Eskom's Mabuza resigns as blackouts resume

11th January 2020 By: Bloomberg

Eskom's Mabuza resigns as blackouts resume

Jabu Mabuza
Photo by: Creamer Media's Donna Slater

The chairperson of Eskom Holdings resigned from his post after the South African power utility resumed rolling blackouts earlier than expected in 2020.

Jabu Mabuza tendered his resignation on Friday and “apologized for Eskom’s inability” to meet a commitment it made to President Cyril Ramaphosa to avoid power cuts until Jan. 13, the presidency said in a statement.

After implementing the most severe supply reductions to date in December, Eskom pledged at a December 11 meeting to avoid further outages over South Africa’s traditional holiday season. At the time, Mabuza served as both chairman and acting chief executive officer of the utility.

South Africa “will soon announce a re-configured Eskom board with the appropriate mix of electricity industry, engineering and corporate governance experience,” the presidency said.

The debt-laden power utility, described by Goldman Sachs Group Inc. as the biggest threat to South Africa’s economy, put the country at risk of a second recession in as many years after it implemented the December cuts. Gross domestic product growth likely slowed to 0.4% in 2019 and will expand less than 1% this year, the World Bank said.

“Mabuza’s tenure was increasingly threatened by the inability to effectively communicate a path out of the current loadshedding predicament,” said Darias Jonker, a London-based director at Eurasia Group. “The challenges at Eskom have yet again sunk a relatively capable reformer.”
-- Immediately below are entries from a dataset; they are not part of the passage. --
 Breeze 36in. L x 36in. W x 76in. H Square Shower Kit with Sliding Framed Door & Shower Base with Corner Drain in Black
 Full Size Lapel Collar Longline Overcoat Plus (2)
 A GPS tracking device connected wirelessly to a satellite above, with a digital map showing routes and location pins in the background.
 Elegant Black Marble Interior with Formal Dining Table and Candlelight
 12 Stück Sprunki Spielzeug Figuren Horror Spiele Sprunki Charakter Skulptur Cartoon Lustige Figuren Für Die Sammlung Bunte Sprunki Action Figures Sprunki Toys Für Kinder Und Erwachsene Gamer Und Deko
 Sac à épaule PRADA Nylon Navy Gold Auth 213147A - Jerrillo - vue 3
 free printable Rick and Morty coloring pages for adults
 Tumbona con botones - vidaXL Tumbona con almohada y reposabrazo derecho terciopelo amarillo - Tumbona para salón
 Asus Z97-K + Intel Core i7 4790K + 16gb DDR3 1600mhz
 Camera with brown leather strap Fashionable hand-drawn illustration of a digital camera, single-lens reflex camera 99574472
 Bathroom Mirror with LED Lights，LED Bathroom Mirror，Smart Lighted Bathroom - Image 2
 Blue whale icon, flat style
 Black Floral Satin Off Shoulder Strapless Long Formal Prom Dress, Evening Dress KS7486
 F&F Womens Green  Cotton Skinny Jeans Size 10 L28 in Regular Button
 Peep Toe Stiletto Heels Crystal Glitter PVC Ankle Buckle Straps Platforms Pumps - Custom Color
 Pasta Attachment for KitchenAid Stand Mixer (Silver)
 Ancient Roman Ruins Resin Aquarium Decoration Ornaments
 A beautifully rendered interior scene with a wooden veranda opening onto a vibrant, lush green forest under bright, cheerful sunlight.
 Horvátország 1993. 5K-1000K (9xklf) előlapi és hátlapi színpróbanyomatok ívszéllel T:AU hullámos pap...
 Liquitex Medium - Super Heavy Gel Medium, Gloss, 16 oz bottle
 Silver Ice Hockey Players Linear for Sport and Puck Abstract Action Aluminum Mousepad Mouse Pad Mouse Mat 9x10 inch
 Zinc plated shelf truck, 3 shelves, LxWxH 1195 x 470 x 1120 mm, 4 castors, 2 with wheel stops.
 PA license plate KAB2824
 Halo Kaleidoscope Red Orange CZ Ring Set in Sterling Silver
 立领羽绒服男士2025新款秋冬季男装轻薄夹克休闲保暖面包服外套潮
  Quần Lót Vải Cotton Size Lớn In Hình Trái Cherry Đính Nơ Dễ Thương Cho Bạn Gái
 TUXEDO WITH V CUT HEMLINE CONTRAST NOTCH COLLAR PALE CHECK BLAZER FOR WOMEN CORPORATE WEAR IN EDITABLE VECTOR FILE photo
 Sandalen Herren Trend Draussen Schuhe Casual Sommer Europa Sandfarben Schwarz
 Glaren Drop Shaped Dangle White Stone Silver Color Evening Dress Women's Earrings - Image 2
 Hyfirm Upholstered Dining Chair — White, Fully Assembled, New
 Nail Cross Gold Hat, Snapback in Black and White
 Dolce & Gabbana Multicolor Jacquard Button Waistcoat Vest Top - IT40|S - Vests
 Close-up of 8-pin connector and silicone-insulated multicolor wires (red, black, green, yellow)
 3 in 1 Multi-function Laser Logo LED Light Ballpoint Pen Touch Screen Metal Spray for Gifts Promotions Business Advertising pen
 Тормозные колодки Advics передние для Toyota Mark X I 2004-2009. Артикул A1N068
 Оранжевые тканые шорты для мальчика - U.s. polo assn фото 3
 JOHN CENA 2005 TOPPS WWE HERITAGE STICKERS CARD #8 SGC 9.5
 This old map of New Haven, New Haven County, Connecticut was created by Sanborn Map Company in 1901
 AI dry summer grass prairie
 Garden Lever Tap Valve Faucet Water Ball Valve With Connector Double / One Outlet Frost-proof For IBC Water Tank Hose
Earlier on Friday, the country’s biggest labor group called for the entire board of Eskom to be dismissed, along with Public Enterprises Minister Pravin Gordhan, whose department oversees the utility.

The rand extended losses after the announcement of Mabuza’s resignation, weakening 1.1% to 14.3661 against the dollar on Friday.

Andre de Ruyter started as the new CEO of Eskom on January 6, ahead of a planned restructuring to turn the loss-making business around and try to help it out of billions of rands in debt.